• **WHAT THE TASK ASKS**: For this exercise, output the entries below exactly from the line that holds "Mud, dry mud, and" to the line that holds "And there you", both ends included. No pictures belong in the copy.

• **MATERIAL FOR THIS TASK**:
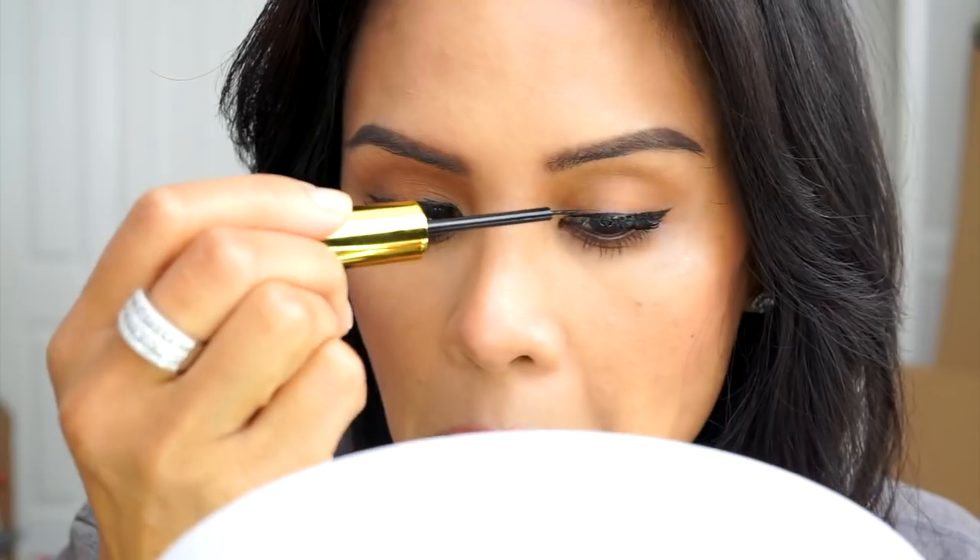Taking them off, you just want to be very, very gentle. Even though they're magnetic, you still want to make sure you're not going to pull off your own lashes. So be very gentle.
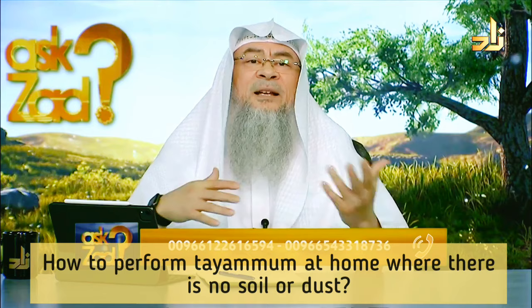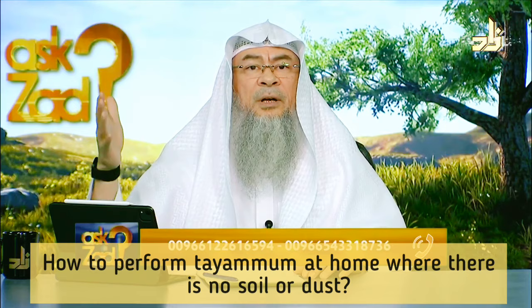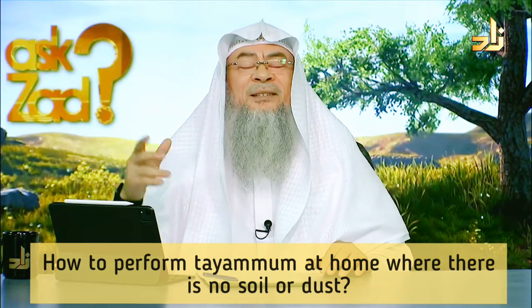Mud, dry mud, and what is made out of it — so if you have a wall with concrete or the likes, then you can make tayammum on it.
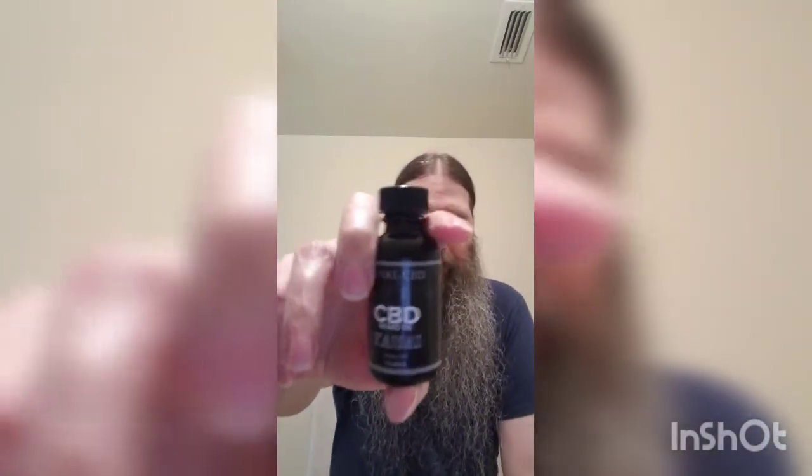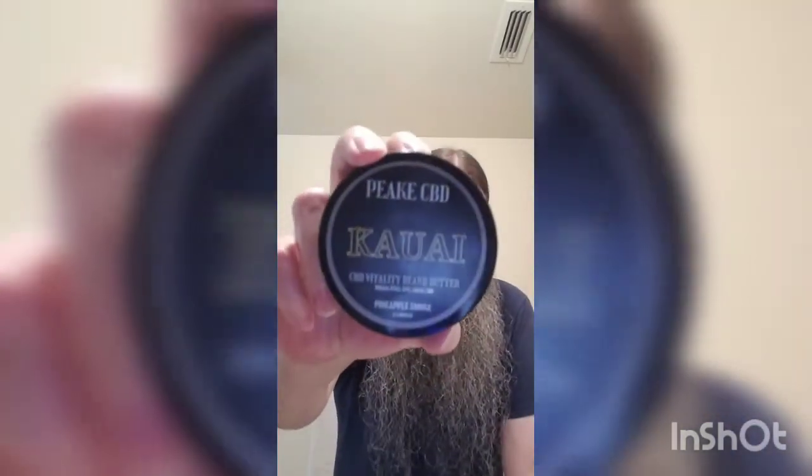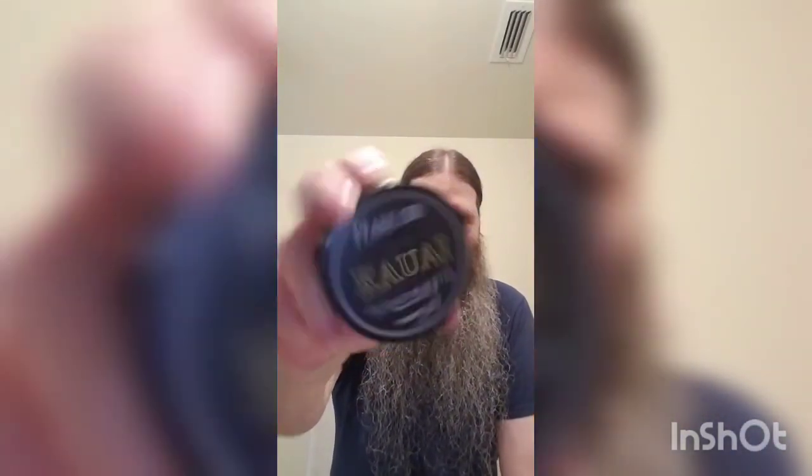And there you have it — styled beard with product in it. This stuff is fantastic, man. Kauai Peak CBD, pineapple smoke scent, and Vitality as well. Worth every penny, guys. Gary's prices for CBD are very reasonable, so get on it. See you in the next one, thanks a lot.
* * *
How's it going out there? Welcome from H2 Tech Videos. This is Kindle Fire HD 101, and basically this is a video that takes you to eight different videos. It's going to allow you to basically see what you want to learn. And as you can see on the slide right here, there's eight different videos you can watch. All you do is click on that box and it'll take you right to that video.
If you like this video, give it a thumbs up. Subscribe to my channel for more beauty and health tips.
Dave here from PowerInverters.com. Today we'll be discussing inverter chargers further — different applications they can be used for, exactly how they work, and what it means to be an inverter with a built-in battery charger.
* * *
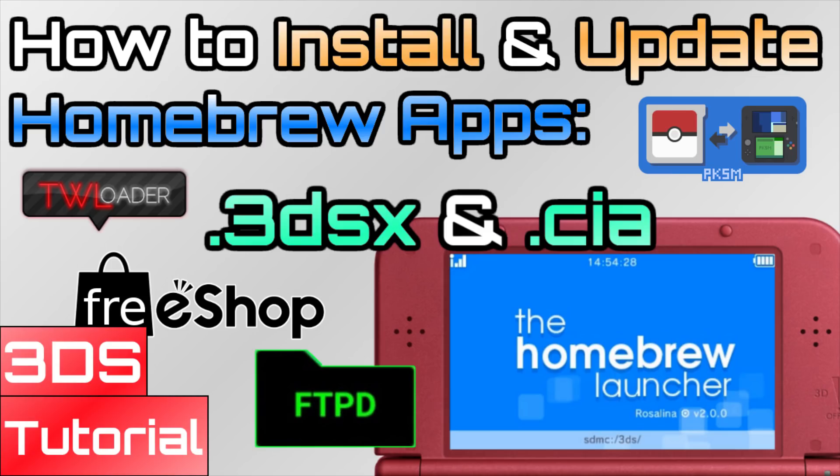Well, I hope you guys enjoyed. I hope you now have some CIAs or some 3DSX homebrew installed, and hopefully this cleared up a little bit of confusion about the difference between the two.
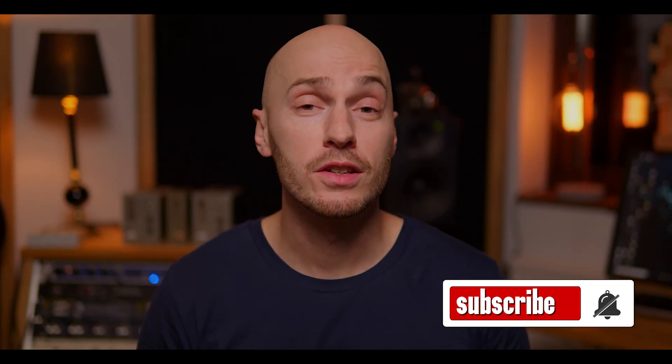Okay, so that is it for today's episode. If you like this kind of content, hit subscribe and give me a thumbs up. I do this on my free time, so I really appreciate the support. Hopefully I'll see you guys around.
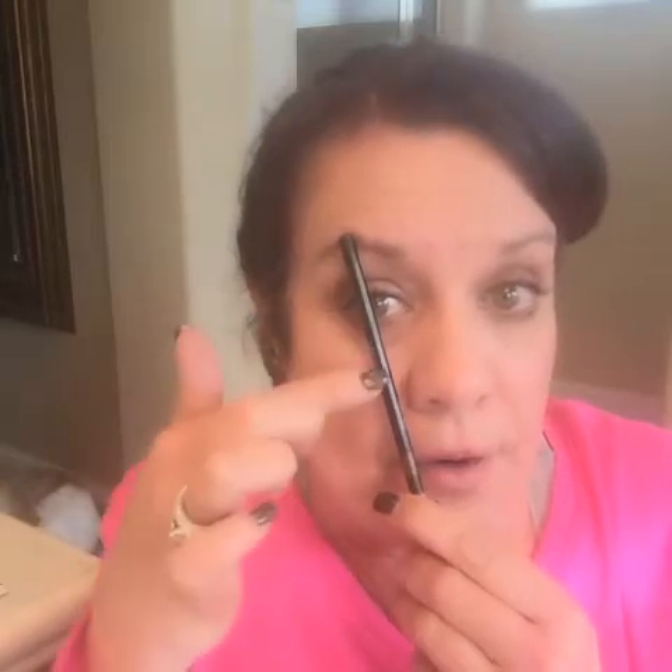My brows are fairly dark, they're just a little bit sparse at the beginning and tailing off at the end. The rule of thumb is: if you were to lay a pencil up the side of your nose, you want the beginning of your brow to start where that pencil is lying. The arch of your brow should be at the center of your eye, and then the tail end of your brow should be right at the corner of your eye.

• **RESULT BELOW**:
Mud, dry mud, and what is made out of it — so if you have a wall with concrete or the likes, then you can make tayammum on it.
And there you have it — styled beard with product in it. This stuff is fantastic, man. Kauai Peak CBD, pineapple smoke scent, and Vitality as well. Worth every penny, guys. Gary's prices for CBD are very reasonable, so get on it. See you in the next one, thanks a lot.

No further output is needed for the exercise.